§ **EXERCISE GOAL**
Write out every entry exactly; the pictures do not belong in the copy.

§ **TASK DATA**
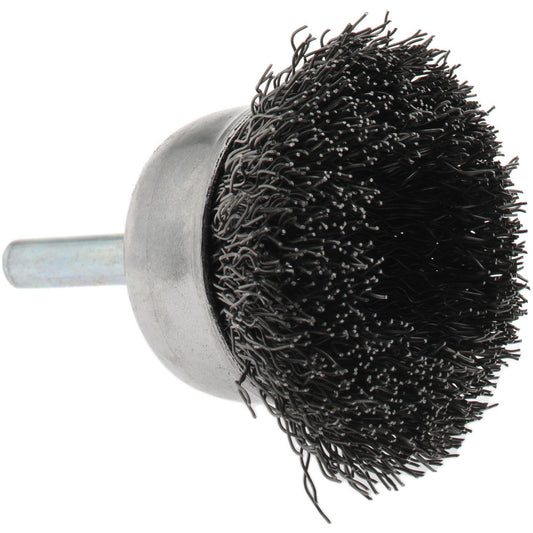 PRIVATE BRANDS SPECIALTY, INC. PB32850 Cup Brush 1-3/4" Dia, 0.014" Wire Dia, Steel, Crimped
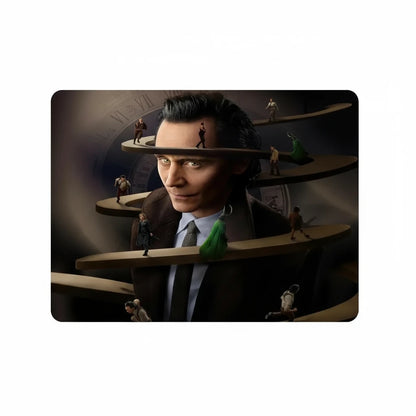 Grand tapis de souris Loki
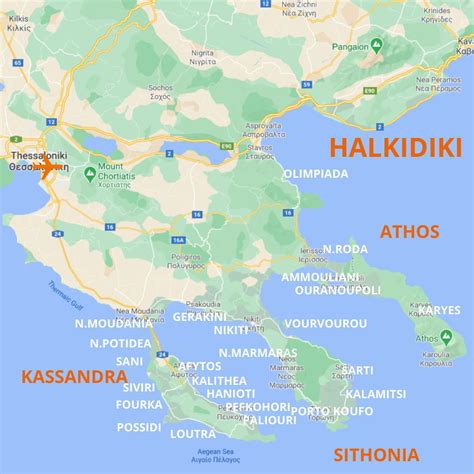 Discover Paradise: the Best Resorts and Beaches in Halkidiki Greece — My Greek Holidays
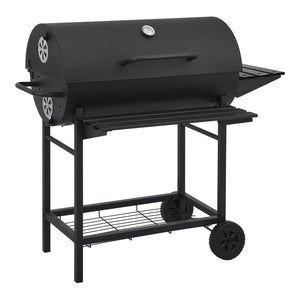 BBQ Cart Grill Dallas 95x108x61cm Black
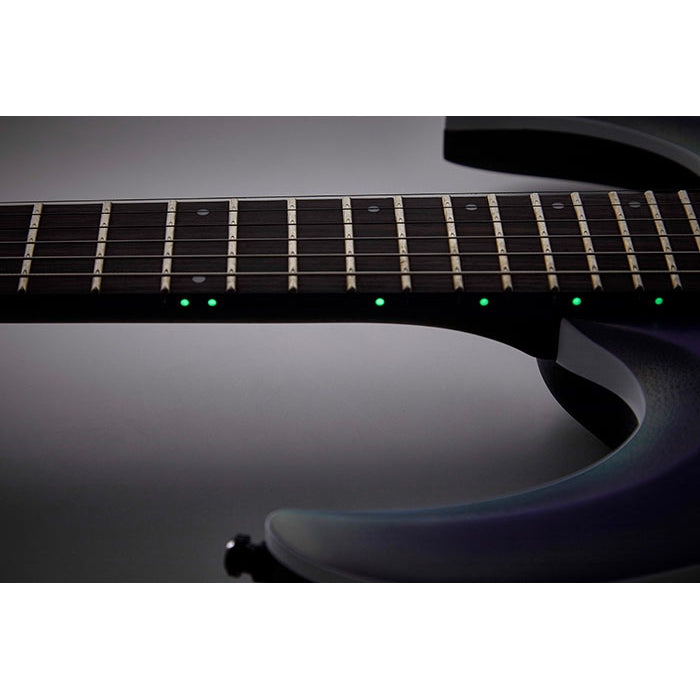 Đàn Guitar Điện Ibanez Axion Label S671ALB, Blue Chameleon-Mai Nguyên Music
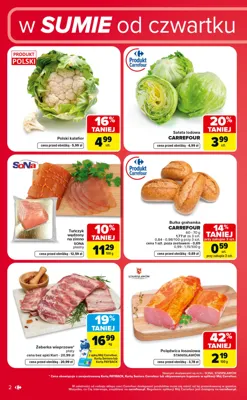 Carrefour od czwartku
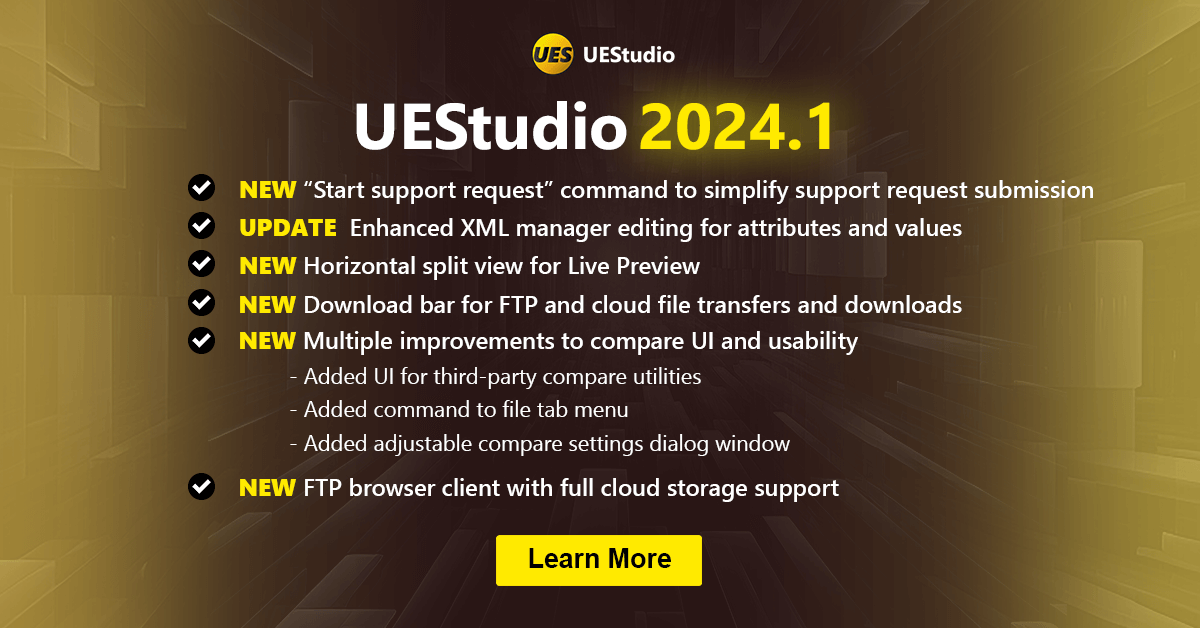04_UEStudio 2024.1 Banner Set_FEATURES_FULL_CTA_1200x628 UEstudio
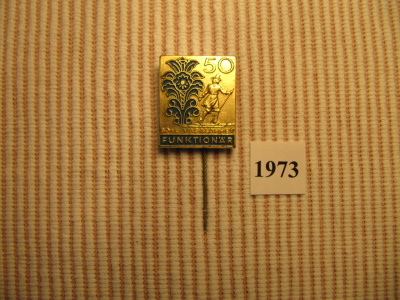 Vasaloppet rintamerkki 50:s hiihto 1973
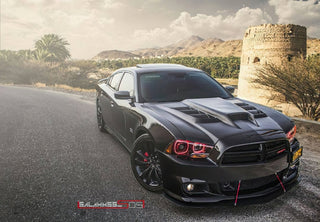 Oracle Dodge Charger 11-14 Halo Kit - ColorSHIFT w/o Controller
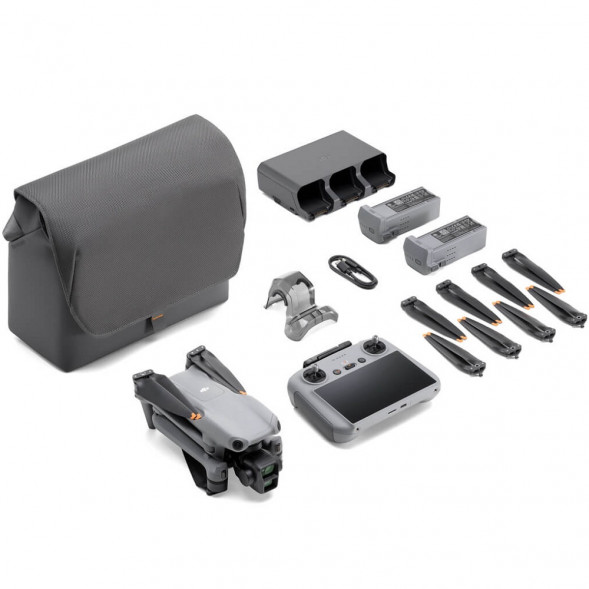 Квадрокоптер DJI Air 3 Fly More Combo (пульт DJI RC 2) в Череповце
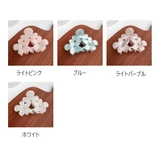 バンスクリップ ヘアクリップ レディース | PlusNao | 詳細画像19 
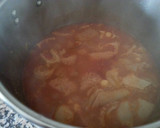 Foto del paso 5 de la receta: Callos y pie de ternera guisados con garbanzos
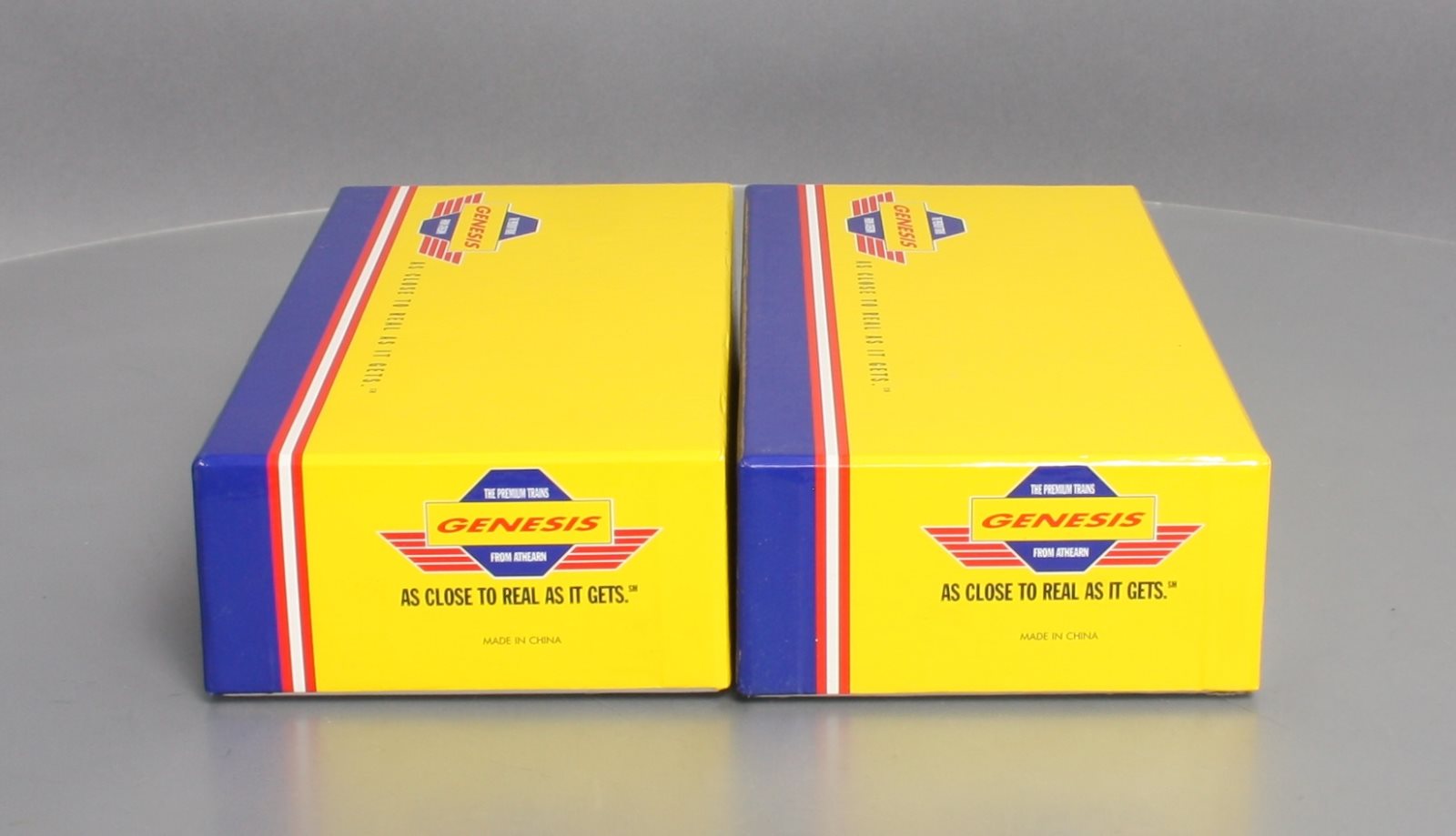 Athearn G2514 HO Scale Chicago & North Western F-3A/B Diesel Locomotive Set LN/Box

§ **RESULT OF THE EXERCISE**
 PRIVATE BRANDS SPECIALTY, INC. PB32850 Cup Brush 1-3/4" Dia, 0.014" Wire Dia, Steel, Crimped
 Grand tapis de souris Loki
 Discover Paradise: the Best Resorts and Beaches in Halkidiki Greece — My Greek Holidays
 BBQ Cart Grill Dallas 95x108x61cm Black
 Đàn Guitar Điện Ibanez Axion Label S671ALB, Blue Chameleon-Mai Nguyên Music
 Carrefour od czwartku
04_UEStudio 2024.1 Banner Set_FEATURES_FULL_CTA_1200x628 UEstudio
 Vasaloppet rintamerkki 50:s hiihto 1973
 Oracle Dodge Charger 11-14 Halo Kit - ColorSHIFT w/o Controller
 Квадрокоптер DJI Air 3 Fly More Combo (пульт DJI RC 2) в Череповце
 バンスクリップ ヘアクリップ レディース | PlusNao | 詳細画像19 
 Foto del paso 5 de la receta: Callos y pie de ternera guisados con garbanzos
 Athearn G2514 HO Scale Chicago & North Western F-3A/B Diesel Locomotive Set LN/Box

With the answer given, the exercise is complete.